三つの綱は今世において切れた。五つの障りもすでに晴れたであろう。心奥の仏性の月は曇りがなく煌々と照り輝き、苦集の身の罪障である垢は消えた。まさしく光日尼あなたは即身の仏である。まことに尊いことである。さらにくわしく法門のことなどをいうべきであるが、あまり文を多く書いたときに、このお手紙は書いたのです。恐恐謹言。
九月十九日 日 蓮 在御判
光日尼ごぜん御返事
語句の解説
なきなをながさせ給うにや
幾多の解釈がされているが、まずその一つに、死んだのちまで名を残されるであろう、との解釈がある。次に冒頭の「なき」を助動詞として用い、「……なき名」とも考えられる。
三つのつな
三従のこと。三従に縛られることから綱という語を使ったと思われる。三従とは女人が一生涯において服従すべき三つのことをいう。大智度論第九十九に「女人の体は幼なれば則ち父母に従い、少うして則ち夫に従ひ、老いては則ち子に従う」とあるように、生涯自由を得ることができず、家にあっては父母に、嫁しては夫に、夫死して子に服従し、修行をするのに困難な境涯にあると仏教典、儒教典に説かれている。したがって、従来の宗教では、女人成仏は不可能とされてきた。日蓮大聖人の三大秘法の南無妙法蓮華経によってのみ女人の成仏は可能なのである。「日眼女造立釈迦仏供養事」(1188:03)には「抑女人は一代五千・七千余巻の経経に仏にならずと・きらはれまします、但法華経ばかりに女人・仏になると説かれて候」とある。
五つのさわり
五障のこと。女人の持つ五つのさわりをいう。法華経提婆達多品第十二の舎利弗の疑問の中に、女人の身では梵天・帝釈・魔王・転輪聖王・仏身にはなれない、したがって、成仏できないのではないかとある。だが、舎利弗の疑いに対して、八歳の竜女が忽然の間に即身成仏の現証を示し、妙法蓮華経の正しさを証明するのである。
即身の仏
即身成仏のこと。衆生がこの一生のうちにその身のままで仏の境涯を得ること。爾前経では、何度も生死を繰り返して仏道修行を行い(歴劫修行)、九界の迷いの境涯を脱して仏の境涯に到達するとされた。これに対し法華経では、十界互具・一念三千の法理が説かれ、凡夫の身に本来そなわる仏の境地(仏界)を直ちに開き現して成仏できると明かされた。このように、即身成仏は「凡夫成仏」である。この即身成仏を別の観点から表現したのが、一生成仏、煩悩即菩提、生死即涅槃といえる。
講義
本抄は、大聖人が弥四郎なきあとの光日尼のけなげな信心をめでられ、三従、五障をはなれて、即身成仏できると記別を与えられた御抄であり、真実の女性の幸福を的確に明かされた御書である。光日尼は夫に先立たれ、頼みの綱とした子の弥四郎を文永11年(1274)に亡くしたのである。だがこうした苦しみにめげず、唯ひたすらに妙法を求め抜いたのである。この結果、冥の照覧あって、五障三従をはなれ、安楽な生涯を送ることができたのである。

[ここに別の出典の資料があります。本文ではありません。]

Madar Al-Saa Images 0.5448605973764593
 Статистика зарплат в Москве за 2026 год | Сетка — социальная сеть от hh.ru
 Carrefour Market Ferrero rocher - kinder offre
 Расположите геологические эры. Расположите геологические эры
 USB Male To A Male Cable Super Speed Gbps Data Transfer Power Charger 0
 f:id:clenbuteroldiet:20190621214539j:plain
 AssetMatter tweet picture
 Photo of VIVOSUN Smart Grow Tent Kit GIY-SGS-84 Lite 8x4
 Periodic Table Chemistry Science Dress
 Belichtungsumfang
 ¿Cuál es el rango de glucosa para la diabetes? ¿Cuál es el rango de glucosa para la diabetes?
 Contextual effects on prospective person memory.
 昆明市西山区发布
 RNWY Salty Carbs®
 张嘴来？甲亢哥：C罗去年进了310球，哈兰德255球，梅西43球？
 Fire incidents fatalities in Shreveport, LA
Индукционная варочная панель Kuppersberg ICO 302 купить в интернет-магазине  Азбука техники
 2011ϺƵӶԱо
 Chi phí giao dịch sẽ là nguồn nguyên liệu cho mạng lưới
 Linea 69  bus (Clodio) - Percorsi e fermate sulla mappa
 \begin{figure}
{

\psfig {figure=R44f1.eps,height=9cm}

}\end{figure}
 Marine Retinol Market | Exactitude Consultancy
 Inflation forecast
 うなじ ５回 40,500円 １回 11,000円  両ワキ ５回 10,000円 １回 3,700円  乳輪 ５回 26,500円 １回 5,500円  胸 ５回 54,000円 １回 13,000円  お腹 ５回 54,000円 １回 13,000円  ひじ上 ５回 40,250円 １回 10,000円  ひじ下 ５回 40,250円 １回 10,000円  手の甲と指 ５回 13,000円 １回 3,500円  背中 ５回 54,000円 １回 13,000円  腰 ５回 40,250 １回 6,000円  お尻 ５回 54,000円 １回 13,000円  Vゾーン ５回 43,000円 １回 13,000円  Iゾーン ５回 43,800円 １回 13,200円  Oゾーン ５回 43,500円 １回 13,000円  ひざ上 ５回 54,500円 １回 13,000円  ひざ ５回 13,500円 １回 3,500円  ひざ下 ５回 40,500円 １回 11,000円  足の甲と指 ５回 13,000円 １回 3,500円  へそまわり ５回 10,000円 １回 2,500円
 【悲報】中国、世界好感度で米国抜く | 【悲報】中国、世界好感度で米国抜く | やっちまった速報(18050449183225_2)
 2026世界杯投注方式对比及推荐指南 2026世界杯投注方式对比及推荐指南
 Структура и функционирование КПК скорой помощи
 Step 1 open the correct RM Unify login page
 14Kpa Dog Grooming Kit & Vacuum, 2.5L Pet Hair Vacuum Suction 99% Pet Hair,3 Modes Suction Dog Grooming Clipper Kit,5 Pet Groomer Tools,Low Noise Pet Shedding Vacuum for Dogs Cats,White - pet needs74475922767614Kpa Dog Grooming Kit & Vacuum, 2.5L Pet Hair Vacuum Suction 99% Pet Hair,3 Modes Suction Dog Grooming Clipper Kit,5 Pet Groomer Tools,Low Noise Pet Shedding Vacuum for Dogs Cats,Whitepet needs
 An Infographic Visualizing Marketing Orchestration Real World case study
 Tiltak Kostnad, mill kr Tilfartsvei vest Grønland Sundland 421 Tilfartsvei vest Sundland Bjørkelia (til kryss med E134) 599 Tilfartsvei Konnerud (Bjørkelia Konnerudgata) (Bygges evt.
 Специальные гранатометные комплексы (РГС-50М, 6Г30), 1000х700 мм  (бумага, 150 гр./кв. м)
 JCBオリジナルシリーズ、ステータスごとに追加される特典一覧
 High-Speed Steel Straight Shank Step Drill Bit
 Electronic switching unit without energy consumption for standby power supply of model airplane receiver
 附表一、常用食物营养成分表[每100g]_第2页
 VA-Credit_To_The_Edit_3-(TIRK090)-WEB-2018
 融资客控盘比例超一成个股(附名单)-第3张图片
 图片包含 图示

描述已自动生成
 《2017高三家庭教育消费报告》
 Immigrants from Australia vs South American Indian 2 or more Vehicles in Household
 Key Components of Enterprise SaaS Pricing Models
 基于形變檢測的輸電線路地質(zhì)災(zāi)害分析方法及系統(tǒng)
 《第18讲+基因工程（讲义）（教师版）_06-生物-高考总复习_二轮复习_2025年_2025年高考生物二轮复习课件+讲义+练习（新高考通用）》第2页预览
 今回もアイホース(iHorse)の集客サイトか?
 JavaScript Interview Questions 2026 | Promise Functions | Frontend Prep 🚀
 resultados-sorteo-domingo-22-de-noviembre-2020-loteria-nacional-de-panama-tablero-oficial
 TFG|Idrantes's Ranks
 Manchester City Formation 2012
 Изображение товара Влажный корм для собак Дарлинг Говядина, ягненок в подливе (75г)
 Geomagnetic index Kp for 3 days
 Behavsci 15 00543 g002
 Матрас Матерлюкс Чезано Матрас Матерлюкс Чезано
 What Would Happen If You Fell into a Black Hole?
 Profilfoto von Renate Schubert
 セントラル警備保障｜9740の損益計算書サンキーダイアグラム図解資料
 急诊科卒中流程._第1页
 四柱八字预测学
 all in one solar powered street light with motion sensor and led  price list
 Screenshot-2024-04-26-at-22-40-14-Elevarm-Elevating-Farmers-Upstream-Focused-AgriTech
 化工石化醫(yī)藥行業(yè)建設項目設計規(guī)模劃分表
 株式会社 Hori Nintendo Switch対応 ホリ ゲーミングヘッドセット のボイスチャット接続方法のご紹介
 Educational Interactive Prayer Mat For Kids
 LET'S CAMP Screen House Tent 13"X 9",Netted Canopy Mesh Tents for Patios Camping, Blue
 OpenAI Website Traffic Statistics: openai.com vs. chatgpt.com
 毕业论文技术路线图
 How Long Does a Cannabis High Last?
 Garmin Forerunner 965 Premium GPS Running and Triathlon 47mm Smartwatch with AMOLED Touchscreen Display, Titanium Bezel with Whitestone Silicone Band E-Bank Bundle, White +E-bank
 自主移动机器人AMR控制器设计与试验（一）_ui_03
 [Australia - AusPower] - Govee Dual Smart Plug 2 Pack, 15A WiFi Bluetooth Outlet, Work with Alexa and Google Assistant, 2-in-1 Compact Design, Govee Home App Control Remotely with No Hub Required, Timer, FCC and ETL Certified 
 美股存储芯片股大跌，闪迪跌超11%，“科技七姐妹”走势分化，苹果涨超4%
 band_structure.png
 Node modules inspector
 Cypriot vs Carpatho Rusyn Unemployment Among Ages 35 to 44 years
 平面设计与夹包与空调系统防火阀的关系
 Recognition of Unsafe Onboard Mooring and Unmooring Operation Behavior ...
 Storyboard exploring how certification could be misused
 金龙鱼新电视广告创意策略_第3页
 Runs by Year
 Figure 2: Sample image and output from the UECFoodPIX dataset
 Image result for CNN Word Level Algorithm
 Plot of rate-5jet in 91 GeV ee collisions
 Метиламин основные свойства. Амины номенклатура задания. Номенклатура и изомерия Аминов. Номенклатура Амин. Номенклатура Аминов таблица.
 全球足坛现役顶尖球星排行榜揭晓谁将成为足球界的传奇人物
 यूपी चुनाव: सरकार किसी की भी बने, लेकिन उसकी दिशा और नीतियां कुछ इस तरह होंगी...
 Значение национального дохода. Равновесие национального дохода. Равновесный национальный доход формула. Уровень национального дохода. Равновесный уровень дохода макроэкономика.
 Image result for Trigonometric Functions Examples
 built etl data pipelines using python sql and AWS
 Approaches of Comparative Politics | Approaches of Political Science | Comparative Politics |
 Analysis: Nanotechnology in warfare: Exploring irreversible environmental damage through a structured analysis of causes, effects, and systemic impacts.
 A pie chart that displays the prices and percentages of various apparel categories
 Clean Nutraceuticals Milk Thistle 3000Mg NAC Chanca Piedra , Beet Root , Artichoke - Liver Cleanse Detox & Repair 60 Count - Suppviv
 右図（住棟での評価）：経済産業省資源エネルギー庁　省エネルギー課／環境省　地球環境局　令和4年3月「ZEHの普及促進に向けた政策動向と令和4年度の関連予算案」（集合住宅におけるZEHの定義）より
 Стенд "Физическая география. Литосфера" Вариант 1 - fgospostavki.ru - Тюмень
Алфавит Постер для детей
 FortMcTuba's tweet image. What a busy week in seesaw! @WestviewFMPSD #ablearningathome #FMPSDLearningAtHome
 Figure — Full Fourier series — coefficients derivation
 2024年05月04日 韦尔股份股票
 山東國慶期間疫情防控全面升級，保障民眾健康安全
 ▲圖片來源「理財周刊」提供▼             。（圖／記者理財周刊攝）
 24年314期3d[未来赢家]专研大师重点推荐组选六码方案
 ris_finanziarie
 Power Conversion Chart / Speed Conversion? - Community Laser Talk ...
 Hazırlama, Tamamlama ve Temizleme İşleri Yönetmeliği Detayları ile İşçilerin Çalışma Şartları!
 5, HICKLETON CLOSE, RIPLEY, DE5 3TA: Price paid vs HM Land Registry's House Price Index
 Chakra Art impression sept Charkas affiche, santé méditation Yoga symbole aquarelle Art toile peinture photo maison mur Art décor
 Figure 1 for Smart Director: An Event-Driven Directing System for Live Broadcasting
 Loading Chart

この光日尼の信心こそ、女性の信心の鑑でなくして何であろう。われらもまた如何なる苦難があろうと、御本尊を堅く信じ、妙法を弘めゆく実践者、妙法の革命児として生きゆかねばならない。
思うに今日ほど女性にとって恵まれた時代はない。社会的地位の向上、参政権の行使、家庭における婦人の地位等、その社会的進出は目をみはるものがあり、戦前の日本の社会では夢にもみることができなかったことである。だがいかに社会が女性のために好転しようと、女性のもつ本来の宿業たる貪・瞋・癡の三毒より起こる苦悩、三従の苦縛が解かれずして、真実の女性の幸福、婦人解放はありえない。
外なる社会制度の変革によって、女性の幸福、婦人解放が行なわれても、内なる女性の本質にねざす幸福が究明されずして、真実の幸福、婦人解放はありえない。むしろその変革の実体は人間解放というべきであろうか。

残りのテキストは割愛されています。